Simplified definition of the item class

Explicit ND-Range Kernels

The second form of parallel kernel replaces the flat execution range of basic data-parallel kernels with an execution range where items belong to groups and is appropriate for cases where we would like to express some notion of locality within our kernels. Different behaviors are defined and guaranteed for different types of groups, giving us more insight into and/or control over how work is mapped to specific hardware platforms.

These explicit ND-range kernels are thus an example of a more prescriptive parallel construct—we prescribe a mapping of work to each type of group, and the implementation must obey that mapping. However, it is not completely prescriptive, as the groups themselves may execute in any order and an implementation retains some freedom over how each type of group is mapped to hardware resources. This combination of prescriptive and descriptive programming enables us to design and tune our kernels for locality without impacting their portability.

Like basic data-parallel kernels, ND-range kernels are written in a SPMD style where all work-items execute the same kernel "program" applied to multiple pieces of data. The key difference is that each program instance can query its position within the groups that contain it and can access additional functionality specific to each type of group.

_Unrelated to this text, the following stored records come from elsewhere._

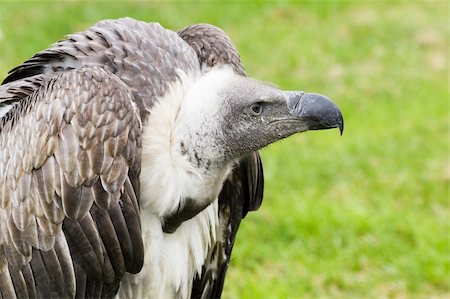 fischadler - Griffon vulture in side angle view with green background Stockbilder - Microstock & Abonnement, Bildnummer: 400-05225389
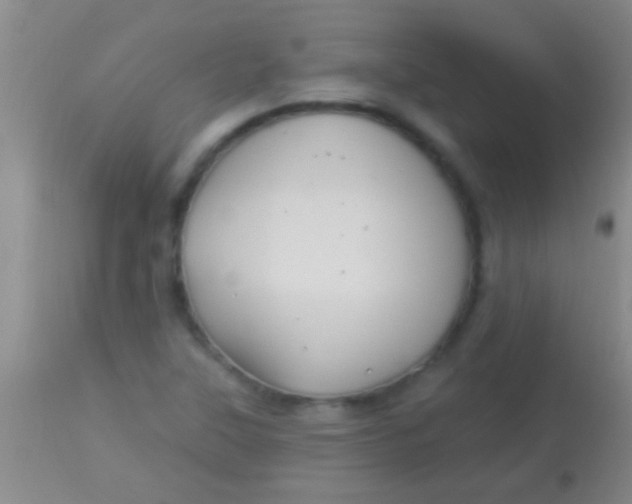 X0000113961315200910161954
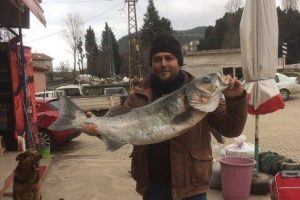 11 kiloluk levrek g&ouml;renleri şaşırttı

Understanding Explicit ND-Range Parallel Kernels

The execution range of an ND-range kernel is divided into work-groups, sub-groups, and work-items. The ND-range represents the total execution range, which is divided into work-groups of uniform size (i.e., the work-group size must divide the ND-range size exactly in each dimension). Each work-group can be further divided by the implementation into sub-groups. Understanding the execution model defined for work-items and each type of group is an important part of writing correct and portable programs.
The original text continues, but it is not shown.